* _Exercise goal_: Please print exactly the lines from the line containing "CAA2711 15.5 inches" through the end of the data, no more, and keep pictures out of the copy.

* _Collected data_:
_ _ _ _ _

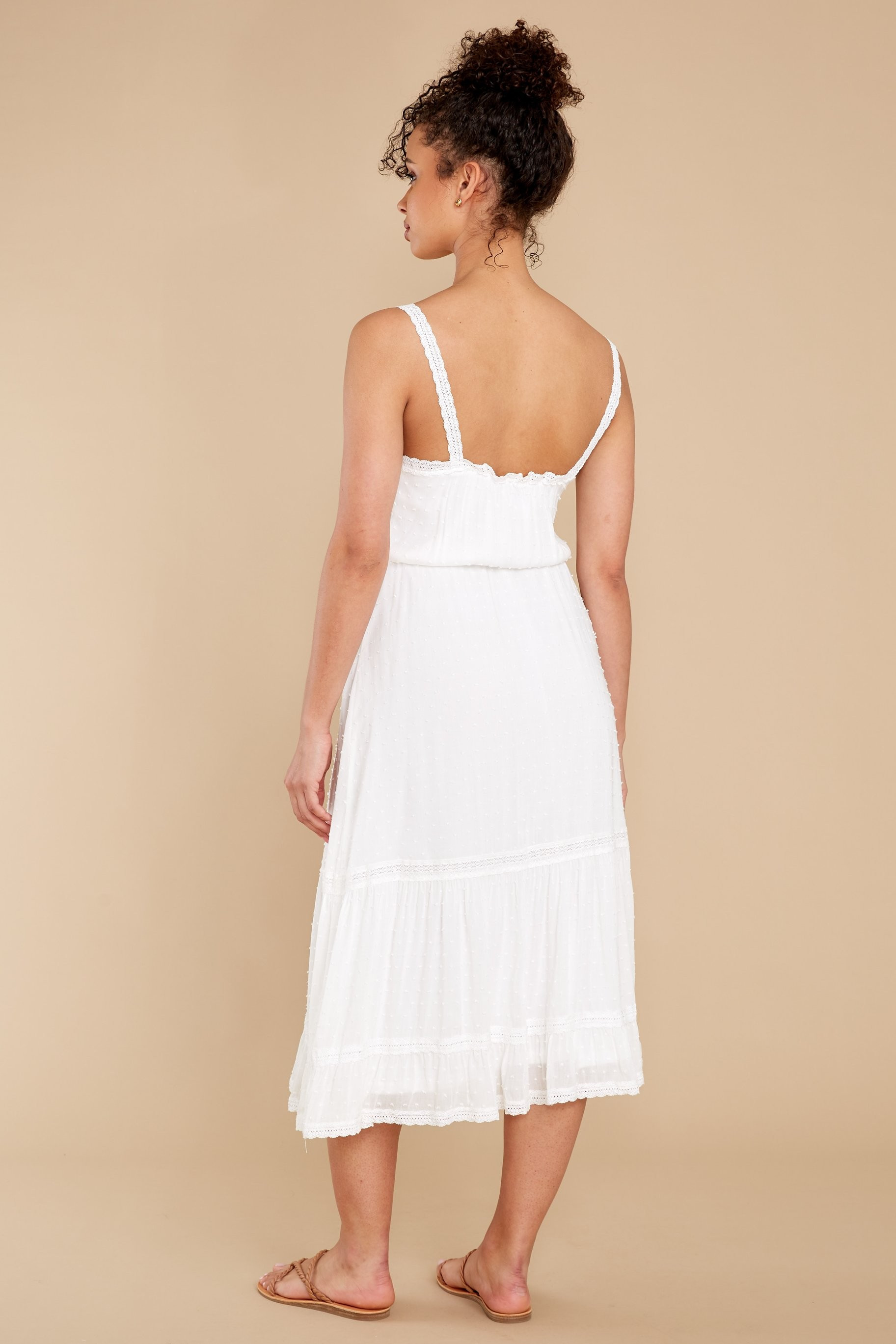 Catch A Glance White Midi Dress | Red Dress 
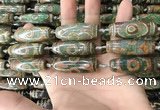 CAA2711 15.5 inches 14*38mm - 16*43mm rice tibetan agate dzi beads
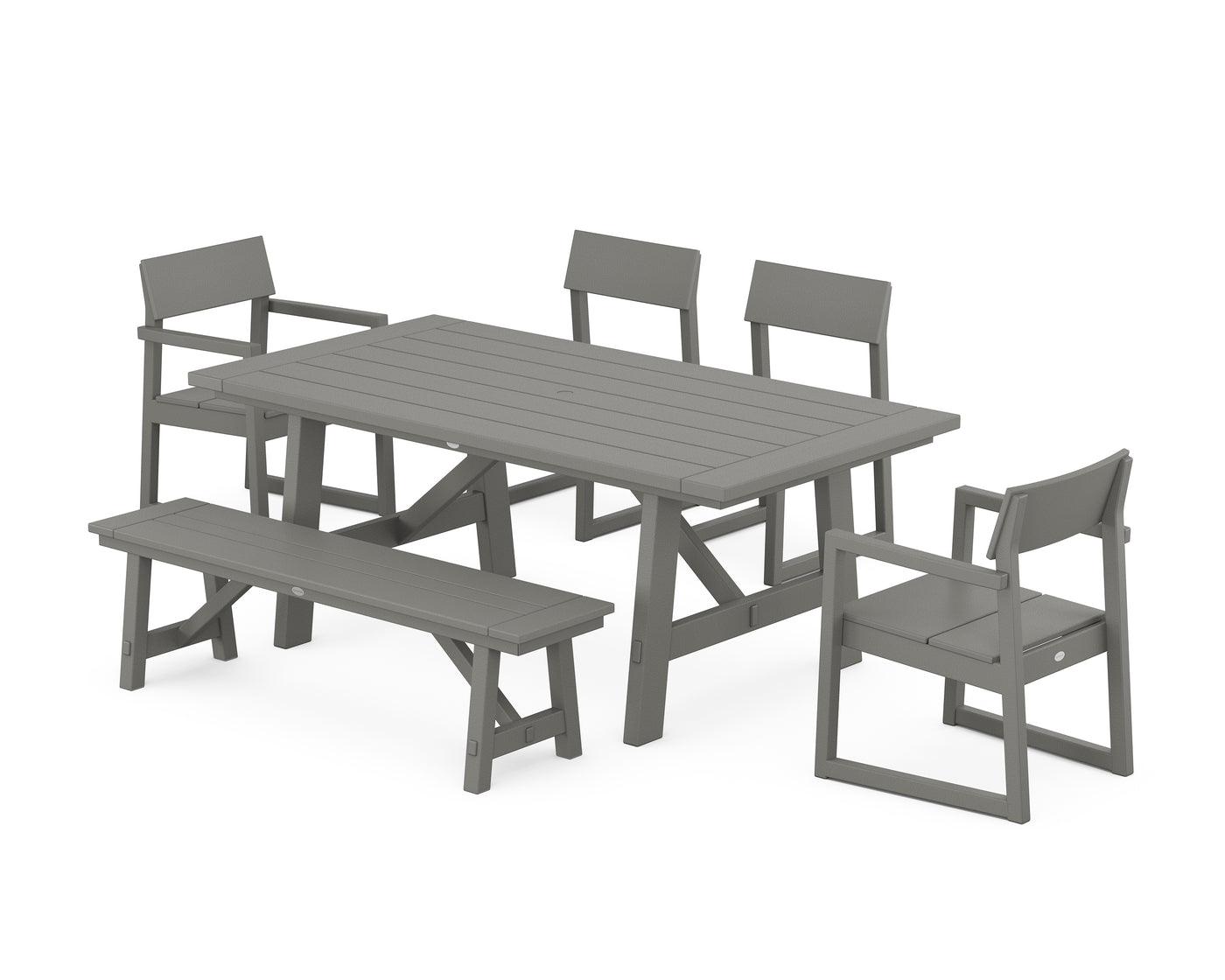 EDGE 6-Piece Rustic Farmhouse Dining Set with Bench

_ _ _ _ _

* _Output of the exercise_:
 CAA2711 15.5 inches 14*38mm - 16*43mm rice tibetan agate dzi beads
 EDGE 6-Piece Rustic Farmhouse Dining Set with Bench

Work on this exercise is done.